Our best philosophy of science has taught us the extent to which our epistemology creates our world. Not only reason and empiricism but faith, hope, and compassion play a major role in constellating reality. And this is perhaps the underlying message of our modern Enlightenment's unexpected darkening of the world: At the heart of cognition is a moral dimension. To assume that purpose, meaning, and conscious intelligence are solely attributes of the human being, and that the great cosmos itself is a soulless void, reflects an invisible act of cosmic hubris on the part of the modern self that has come back to haunt us, as in a Greek tragedy, with the alienation of the modern psyche in a disenchanted universe and a rapidly deteriorating planetary ecosystem. In essence, our task may be to move from an I-It relationship with the universe, to an I-Thou relationship: from objectification to intimacy.

I believe we have a choice. There are many possible universes, many possible meanings, floating through us.
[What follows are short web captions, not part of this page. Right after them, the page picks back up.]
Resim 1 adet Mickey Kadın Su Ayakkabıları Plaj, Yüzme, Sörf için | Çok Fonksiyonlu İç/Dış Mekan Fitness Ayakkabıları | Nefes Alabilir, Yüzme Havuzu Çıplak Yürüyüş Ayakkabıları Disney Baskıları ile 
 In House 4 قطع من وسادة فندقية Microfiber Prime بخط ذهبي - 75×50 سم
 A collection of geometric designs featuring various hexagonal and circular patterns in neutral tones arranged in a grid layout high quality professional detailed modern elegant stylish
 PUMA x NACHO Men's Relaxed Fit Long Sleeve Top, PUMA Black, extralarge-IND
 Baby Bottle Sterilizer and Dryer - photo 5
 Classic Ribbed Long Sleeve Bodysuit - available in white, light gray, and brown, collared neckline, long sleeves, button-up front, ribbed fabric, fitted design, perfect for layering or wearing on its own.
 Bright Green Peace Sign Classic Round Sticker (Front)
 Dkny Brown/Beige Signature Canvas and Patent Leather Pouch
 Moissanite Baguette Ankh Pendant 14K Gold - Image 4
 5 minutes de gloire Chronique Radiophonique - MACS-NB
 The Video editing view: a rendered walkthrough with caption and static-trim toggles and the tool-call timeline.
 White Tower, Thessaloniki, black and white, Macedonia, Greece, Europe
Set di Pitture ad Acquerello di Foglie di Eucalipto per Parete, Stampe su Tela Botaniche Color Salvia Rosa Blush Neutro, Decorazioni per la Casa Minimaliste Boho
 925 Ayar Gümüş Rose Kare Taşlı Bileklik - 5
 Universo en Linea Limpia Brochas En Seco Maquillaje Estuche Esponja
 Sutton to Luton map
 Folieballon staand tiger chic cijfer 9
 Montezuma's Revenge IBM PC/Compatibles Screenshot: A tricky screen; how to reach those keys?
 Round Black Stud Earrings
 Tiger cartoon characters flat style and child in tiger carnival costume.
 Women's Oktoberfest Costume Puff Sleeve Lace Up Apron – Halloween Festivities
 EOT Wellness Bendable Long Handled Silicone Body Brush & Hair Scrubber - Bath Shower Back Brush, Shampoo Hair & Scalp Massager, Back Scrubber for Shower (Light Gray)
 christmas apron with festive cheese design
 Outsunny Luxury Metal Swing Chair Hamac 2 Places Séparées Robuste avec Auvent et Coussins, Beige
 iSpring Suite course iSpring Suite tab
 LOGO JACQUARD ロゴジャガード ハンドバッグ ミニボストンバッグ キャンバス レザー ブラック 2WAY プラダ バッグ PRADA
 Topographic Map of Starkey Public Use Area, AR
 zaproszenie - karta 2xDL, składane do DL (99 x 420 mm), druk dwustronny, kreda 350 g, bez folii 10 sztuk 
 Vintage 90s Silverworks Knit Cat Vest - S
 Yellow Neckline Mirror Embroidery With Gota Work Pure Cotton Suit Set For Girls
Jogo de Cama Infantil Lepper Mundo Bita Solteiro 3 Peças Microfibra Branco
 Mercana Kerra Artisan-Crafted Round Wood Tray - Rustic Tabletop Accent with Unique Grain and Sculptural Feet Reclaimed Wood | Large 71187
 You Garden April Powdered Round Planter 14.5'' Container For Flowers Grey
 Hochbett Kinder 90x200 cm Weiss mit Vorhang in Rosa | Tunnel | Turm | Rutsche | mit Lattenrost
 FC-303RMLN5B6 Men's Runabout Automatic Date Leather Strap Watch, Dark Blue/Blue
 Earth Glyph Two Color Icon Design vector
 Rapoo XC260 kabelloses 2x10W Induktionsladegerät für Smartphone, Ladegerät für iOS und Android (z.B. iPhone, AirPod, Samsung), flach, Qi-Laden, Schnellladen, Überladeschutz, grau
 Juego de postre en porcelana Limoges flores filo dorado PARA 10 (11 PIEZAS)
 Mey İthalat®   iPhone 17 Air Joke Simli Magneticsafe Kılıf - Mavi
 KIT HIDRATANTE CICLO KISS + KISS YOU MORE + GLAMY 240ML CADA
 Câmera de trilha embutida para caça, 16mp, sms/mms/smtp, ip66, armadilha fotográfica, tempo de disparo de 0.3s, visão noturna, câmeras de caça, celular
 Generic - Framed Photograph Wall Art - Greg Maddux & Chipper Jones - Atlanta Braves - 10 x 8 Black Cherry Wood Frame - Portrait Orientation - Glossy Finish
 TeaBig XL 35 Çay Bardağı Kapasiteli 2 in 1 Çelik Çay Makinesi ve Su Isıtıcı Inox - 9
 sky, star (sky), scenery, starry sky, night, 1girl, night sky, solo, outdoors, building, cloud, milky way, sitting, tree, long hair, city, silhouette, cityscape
We are not solitary separate subjects in a meaningless universe of objects upon which we can and must impose our egocentric will. Nor are we just empty vessels, as it were, on automatic, passively playing out the intentions of the world soul, the anima mundi. Rather, we are creative participants, as autonomous yet embedded interpreters, in a co-evolutionary unfolding of reality. And critical to that participation is the role of love as a radical openness to the other, an openness to mystery, an affirmation of the universe as Thou rather than It. With that insight, once again our knowledge will be seen to be intimately connected with our moral and aesthetic aspirations, the True intimately connected with the Good and the Beautiful.

May I end with a statement from Vaclav Havel, spoken during a visit to California six years ago?

Planetary democracy does not yet exist, but our global civilization is already preparing a place for it: It is the very Earth we inhabit, linked with Heaven above us.
Only in this setting can the mutuality and the commonality of the human race be newly created, with reverence and gratitude for that which transcends each of us, and all of us together. The authority of a world democratic order simply cannot be built on anything else but the revitalized authority of the universe.